What is expected
No picture should appear in the copy. Transcribe exactly, and only, the lines from the one with "女春秋新款时尚慵懒风套装灰色" through the last line of the data below.

··· Excerpted records

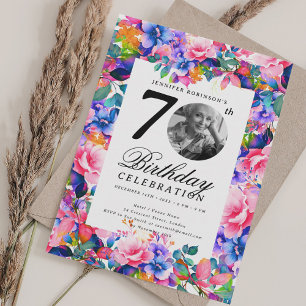 Rainbow Floral Garden Photo 70th Birthday Party Invitation
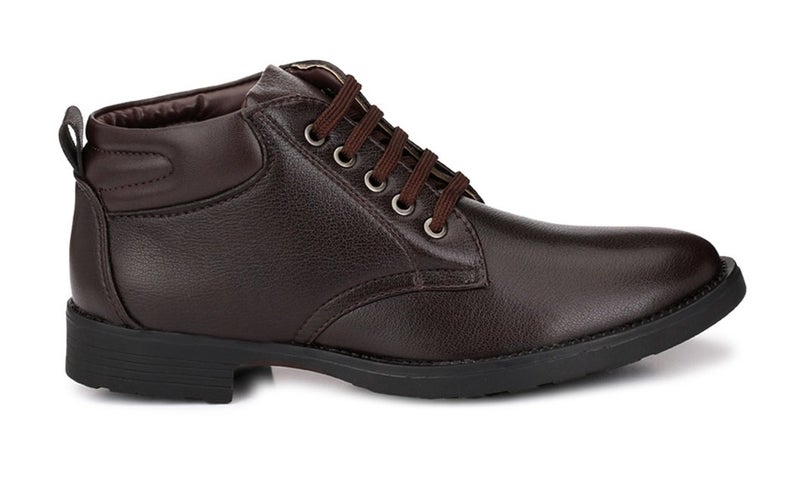 MACTREE Men's Brown Premium Mid Top Boots (2805brown_8) - Image 3
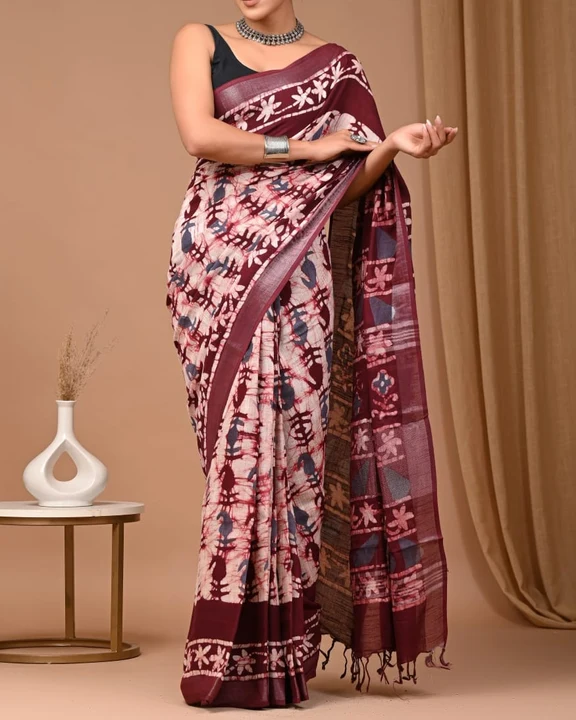 Linen saree  uploaded by The print house  on 10/25/2023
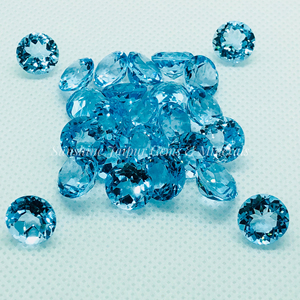 "11mm ronda brillante corte Topacio azul cielo Natural" Venta al por mayor precio de fábrica de alta calidad facetas de piedras preciosas sueltas por quilates - Product Image 2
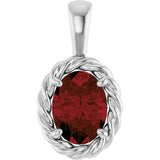 14K Gold Oval Natural Mozambique Garnet Rope Solitaire Pendant - White Gold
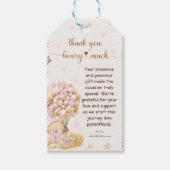 Bear Rustic Pink Vielen Dank Geschenkanhänger (Vorderseite)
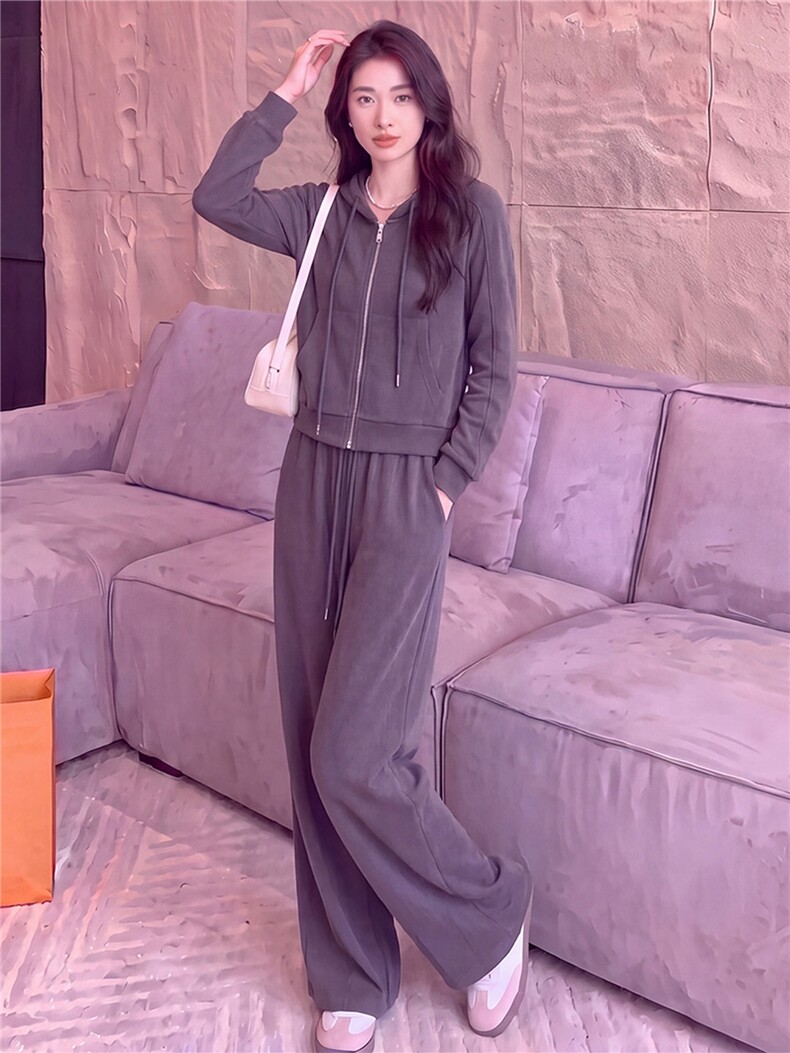 女春秋新款时尚慵懒风套装灰色拉链开衫连帽长袖外套阔腿裤两件套,女装套装/套裙,江南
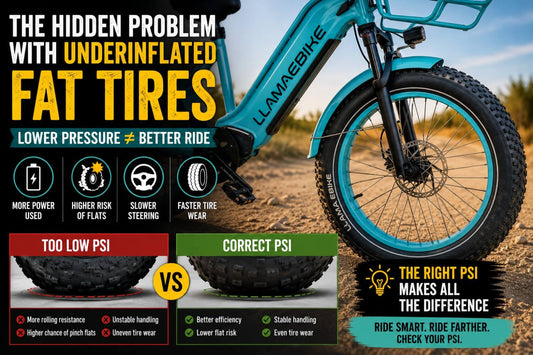 Infographic titled "The Hidden Problem with Underinflated Fat Tires" by LLAMAEBIKE. It compares too low PSI vs. correct PSI, highlighting risks like higher power use and flats versus benefits like better efficiency and stable handling for e-bikes.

······

Solved problem
 女春秋新款时尚慵懒风套装灰色拉链开衫连帽长袖外套阔腿裤两件套,女装套装/套裙,江南
 Infographic titled "The Hidden Problem with Underinflated Fat Tires" by LLAMAEBIKE. It compares too low PSI vs. correct PSI, highlighting risks like higher power use and flats versus benefits like better efficiency and stable handling for e-bikes.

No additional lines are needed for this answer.